Full article available in the October issue of West Coast Cannabis. Completion of the story posted October 15th.
Lake County is either one of the most forgotten or most disregarded spots in California. Two and a half hours northeast of the San Francisco Bay, this early 20th-century resort-land has been reduced to meth labs, Wal-Marts, and empty storefronts.

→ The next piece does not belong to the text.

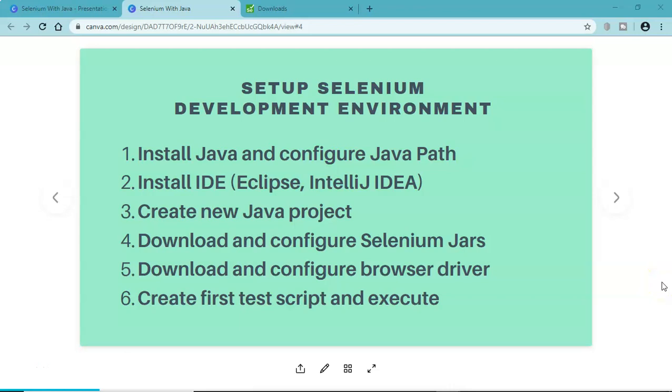Hello and welcome to Selenium WebDriver tutorial. In this tutorial we will learn how to download other browser drivers like Firefox and Edge browser drivers and see how we can execute our script in other browsers as well.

Today, roughly 16% of the county lives below the federal poverty line, well above both the State and Federal percentages.
The busiest section of freeway, California Highway 20, runs from the Mendocino Coast to the Nevada border and serves as the main artery of Lake County. Compared to the small winding mountain roads and sparsely populated cities, it feels like a major interstate.
As the semi-trucks fly across the highway, Linda Lepp, the wife of imprisoned marijuana legend and activist Eddy Lepp, shows me the remnants of the life that was.
Amidst the unassuming suburban and rural homes, is a beautiful green 9-bedroom home atop a hill overlooking Clearlake and the surrounding mountain ranges, blue in contrast to the green valley. This was once the home of Eddy Lepp.
Walking up the long driveway to the house, there is a dried up pond, which clearly fed the sprinkler system that is tiered up the hill. Black pots are littered in the dried grass, small hints at what this estate used to be.
Linda points nostalgically across the highway to a large empty field—clearly visible for miles around and directly alongside the interstate. This was the location of Eddy’s Healing Fields, which was planted and maintained legally within the bounds of California State medical marijuana laws. In addition, local authorities were also consulted and notified before a plant ever went into the ground.
She looks around the fields and up the hill to the home with a heavy heart and fond stories about the people who stayed with her and Eddy, the ministry and the actual gardens, which occupied fields on either side of the highway and led all the way up the hill to the house.
The Healing Fields were a donation-only medical marijuana garden serving patients throughout Northern California. Patients drove from as far as five hours away to rent holes for the season that would be tended to by Eddy’s ministry. In turn they would be given 1-2 pounds of high quality medicine after it had matured and had been harvested. Lepp, a Rastafarian Minister, used the donation money to subsidize his charitable work in the impoverished county; he gave away medicine to anyone in need, he bought a coffin for a local child who died of Sudden Infant Death Syndrome (SIDS), bought the local high school cheerleading teams new uniforms, and donated money to a local church.
The DEA, under direct orders from the Bush Administration raided the home and arrested Lepp, who is now serving a 10-year sentence in federal prison.